Another week in the life.

Wait, wasn’t my last post about time moving quickly?  Sheeyit, I guess it’s a theme because where did those last couple weeks go?
Do we all agree time goes faster when you’re in a routine?  When it’s all familiar, unthreatening, and you have a good idea of what they next day is going to be like, that’s when the years act like months, the months look like weeks, and the weeks barely fit on your watchface.
When I started traveling I didn’t know where I would sleep that night, where my next meal would come from, and what anything would be like.  After a year of this feeling it was only three weeks in.  That’s an extreme example, and even then, the months started squirting away like that unripe cherry tomato on your plate at the fancy restaurant.  (Just use your fingers next time.)
I thought I have enough uncertainty these days to keep them crawling, but I guess even if a day lasts a long time, it can be part of a fast week.  Can I even remember last week?
Monday…  Oh yeah, I had the day off so took the bike ride between Flemish farm fields to have lunch with K in our sandwich place, with kinda weird amateur drawings on the walls: a horse’s head, a duck flying, and a serious-looking baby with a bowl of spaghetti overturned on his head, noodles leaking down his neck and their misspelled slogan “no nonsens pasta.”
It had been closed for renovations by a new owner, and we were eager to see the new version.  They put on nice tablecloths, removed the perchy bar, and painted it off-white, slightly violet and whatever.  We weren’t sure if we liked the random old stuff, but now…the funkiness is gone, man!  It’s basically just like a million other “proper” restaurants in Belgium/Western Europe/The West.  Boooooring. 
Faux-elegance is a stand-in for actual personality.  (And real elegance is even worse, like boasting of that lack of personality.)
Tuesday my first class was late enough that I could go to the gym first.  The gym is my best local site for people-watching, and I am enjoying learning the different crowds.  
-During the day: is quiet, like a singles’ club on really off-hours.  A few folks peering around, looking for each other, and showing off for the wrong audiences.  Some beefy lad pumps iron for housewives who look more frightened that titillated by his grunts.  Or that lady I mentioned awhile back, the blond in tight black spandex who comes and does lunges behind  my bench.  (Remember her?  She got embarrassed after I caught her farting.)
-Early evening: is the working folk, efficiently checking Exercise off their To-Do List.  They move faster, are in better shape, and don’t talk.

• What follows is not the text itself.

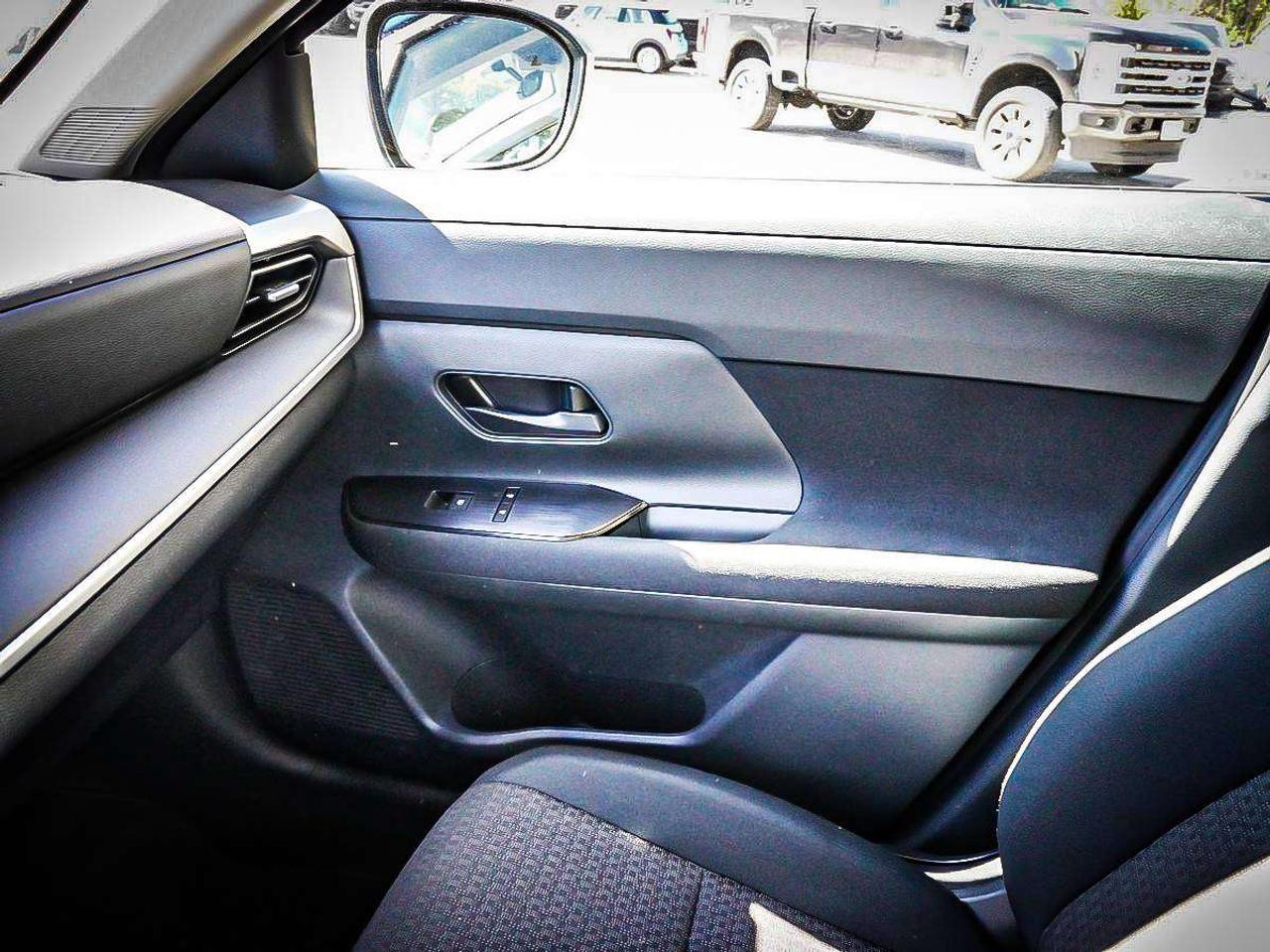 2025 Nissan Kicks  Photo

-Weekends and holidays: (unless it’s warm weather) are like the bars on Friday night, without the beer.  It is preening, strutting, and pissing contests among the males.  A stage crowded with solo acts.  Highly entertaining.

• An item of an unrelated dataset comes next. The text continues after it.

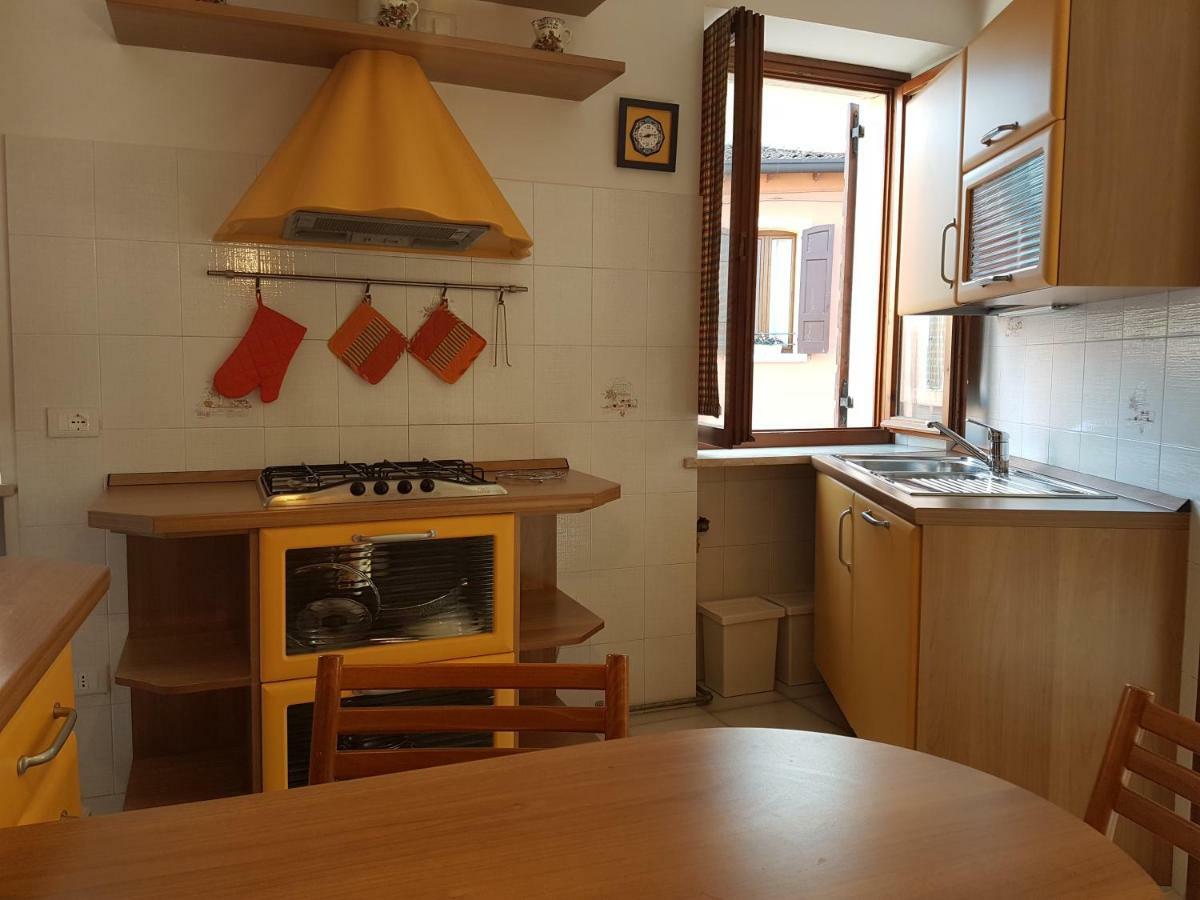 קסטלנואובו דל גארדה Moro Dal Castel - Appartamento Al Castel מראה חיצוני תמונה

-Weekday morning, opening hour 8:00 AM: was a new one for me.  Turns out that’s Senior Time.  Silver Citizens crowd the stationary bikes and circulate, a few at a time, among the rest.  One distinguished fellow came to row next to me, and when I finished, a little lady with finely brushed hair and one of the squarest jaws I’ve ever seen came and took my place.  She looked at him, he didn’t look much at her.  When he got up and moved on, another retired fellow took his place.  This one looked at her, but she didn’t look at him.
I love humans.  We are all children on the playground.  Or maybe sniffing dogs.
Work on Tuesday and Wednesday was functional but forced.  Like when I tried to get new (to me) students to use the language in ways they weren’t used to from past teachers, and just looked at me in confusion.  I’m still on the learning curve…and feel like a bit of a fraud.  I fear I am less of a teacher, and more of a conversation partner who guides a bit and corrects your grammar.  Wow, that would be annoying in real life, yet people pay beaucoup bucks for it in private.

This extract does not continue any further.